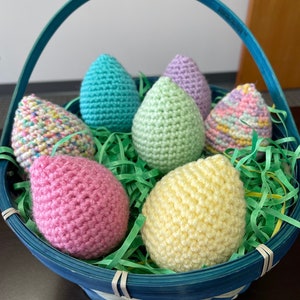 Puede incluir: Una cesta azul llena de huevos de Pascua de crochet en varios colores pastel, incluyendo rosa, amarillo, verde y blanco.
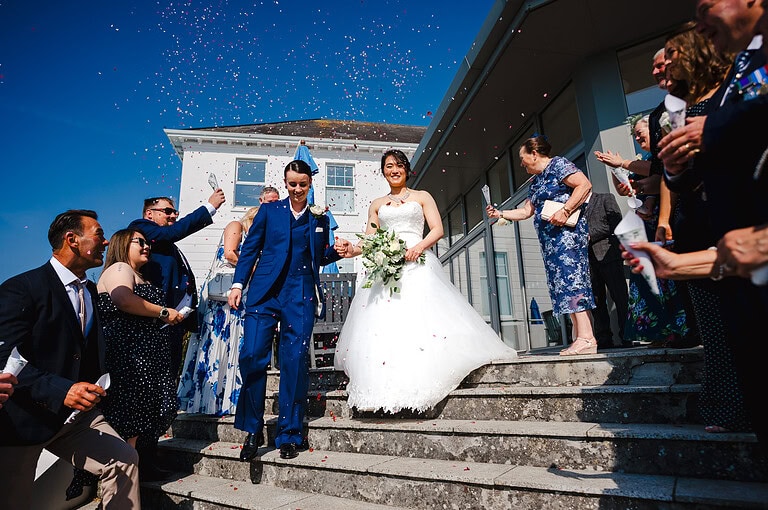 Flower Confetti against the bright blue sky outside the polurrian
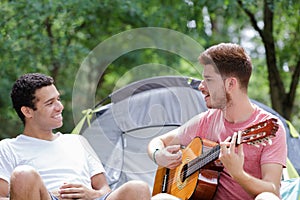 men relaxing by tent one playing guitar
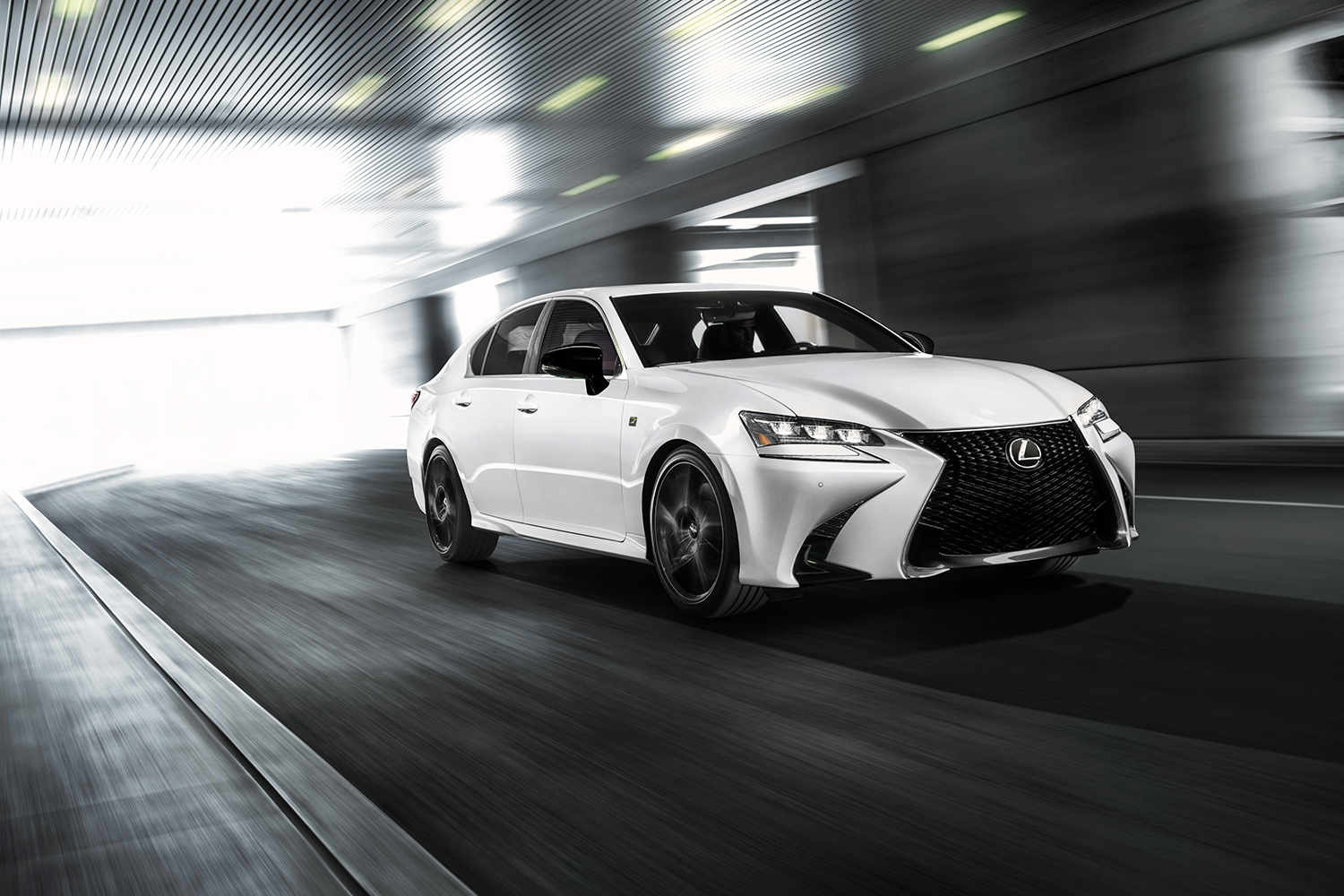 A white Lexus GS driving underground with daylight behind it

********************

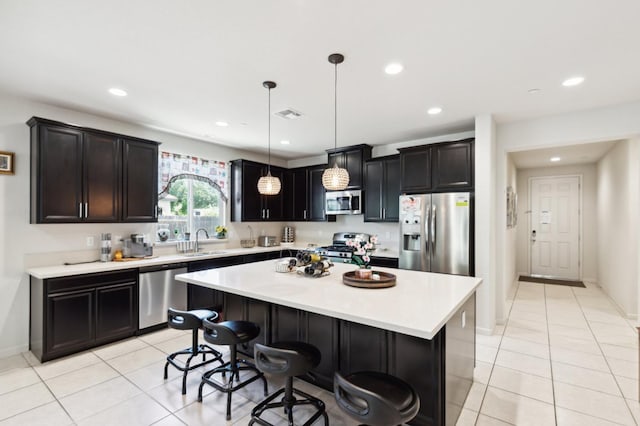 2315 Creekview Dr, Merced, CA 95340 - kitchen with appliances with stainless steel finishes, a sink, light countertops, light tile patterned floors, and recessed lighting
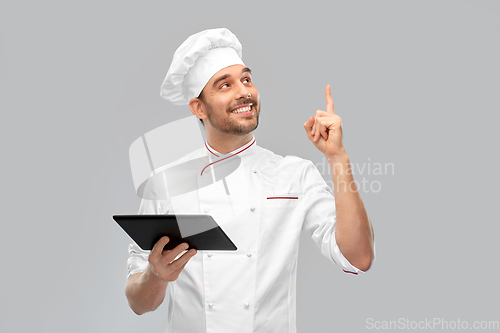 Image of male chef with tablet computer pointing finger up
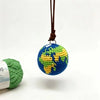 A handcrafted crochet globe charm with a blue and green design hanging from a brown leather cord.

********************

= TASK =
Reproduce the data above exactly, but only from the line containing "Puede incluir: Una" through the line containing "A white Lexus". Omit all pictures.

= FINISHED EXERCISE =
 Puede incluir: Una cesta azul llena de huevos de Pascua de crochet en varios colores pastel, incluyendo rosa, amarillo, verde y blanco.
 Flower Confetti against the bright blue sky outside the polurrian
 men relaxing by tent one playing guitar
 A white Lexus GS driving underground with daylight behind it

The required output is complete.